Aber auch durch den Handel mit seltenen Tieren und Pflanzen sind manche Arten schon ausradiert worden. Rund 30 Milliarden Dollar werden pro Jahr international umgesetzt, ein Drittel davon illegal. Um dem entgegenzuwirken, wurde zum Beispiel 1973 das Washingtoner Artenschutzabkommen Cites verabschiedet, das das internationale Geschäft mit den seltenen Kreaturen zu deren Schutz regeln soll.
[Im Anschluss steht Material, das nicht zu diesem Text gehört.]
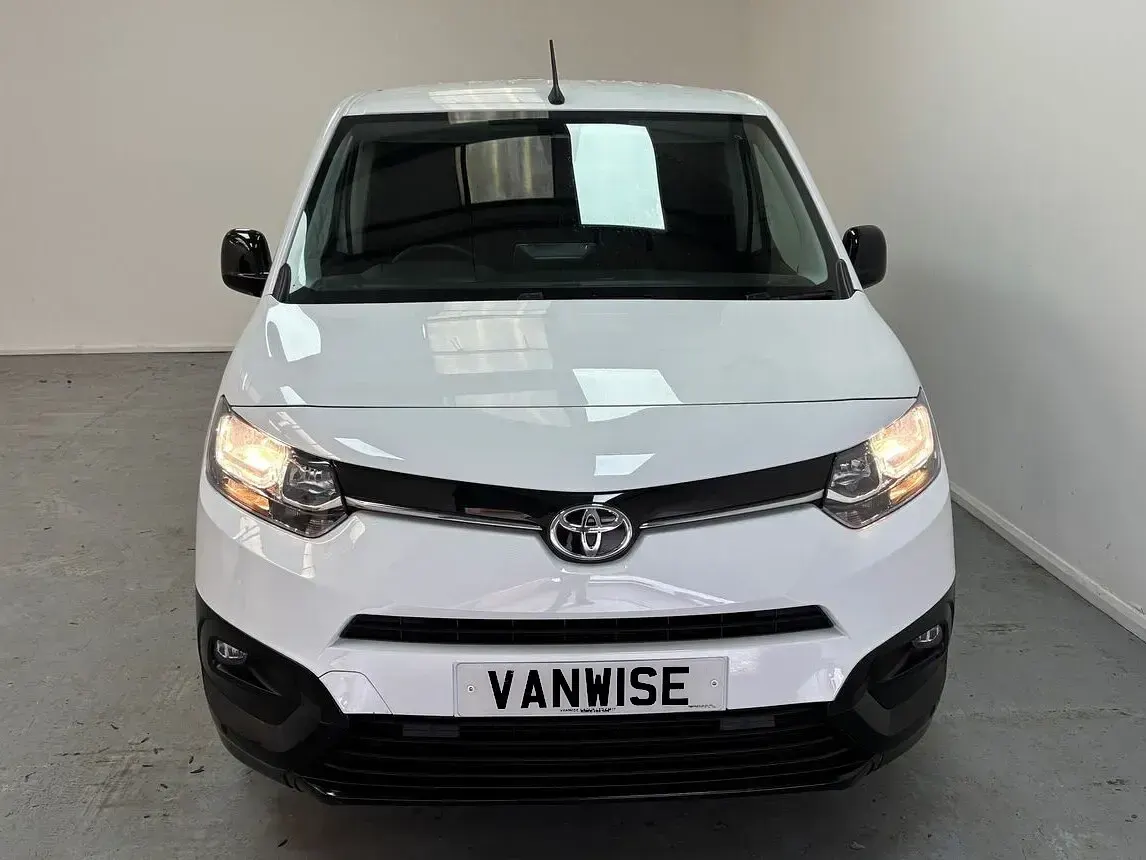 Used Toyota Proace Design 130 HP (95 kW) 2024 White MPV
Kann es noch ein Happy End in diesem Drama geben? Bleibt wirklich nur der Versuch, in Zoos gezüchtete Tiere wieder auszuwildern? "Das kann nur das Mittel der letzten Wahl sein", meint Roland Melisch, Artenschutzexperte beim World Wild Fund For Nature (WWF) in Deutschland. "Es ist sinnvoller, schon ganz früh damit anzufangen, die Artenvielfalt in der Wildnis zu erhalten."
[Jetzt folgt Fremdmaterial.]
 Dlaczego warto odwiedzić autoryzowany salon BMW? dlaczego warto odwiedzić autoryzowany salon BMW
Um erfolgreich gegen das Aussterben einer Art vorgehen zu können, müsse man den verbliebenen Bestand und ihre Bedrohung kennen. Beim Kampf um die Tiger in Asien zum Beispiel sei der Kontakt zu Bauern und Jägern wichtig, die die große Raubkatze töten, weil sie ihre Tiere reißt. "Und man muss der Wilderei und dem Raubbau an Wäldern und Meeren ökonomische Alternativen entgegensetzen", fordert Melisch.

Letztlich musst der Mensch wohl überzeugt werden, dass er ein Teil der Natur ist und die Vielfalt der Tier- und Pflanzenarten als Mitgeschöpfe achtet und oft sogar braucht: als Lieferanten von Nahrung, Kleidung, Schmuck oder wichtigen medizinischen Substanzen - unter Einhaltung des ökologischen Gleichgewichts. Sonst würde der mahnende legendäre Film von Bernhard Grzimek unweigerlich zur Realität werden: "Kein Platz für wilde Tiere." (Spiegel online, 21. August 2001)

Hinweis: Pressemeldungen entsprechen nicht unbedingt den Tatsachen und geben daher nicht notwendigerweise die Ansichten von veganismus.de wieder.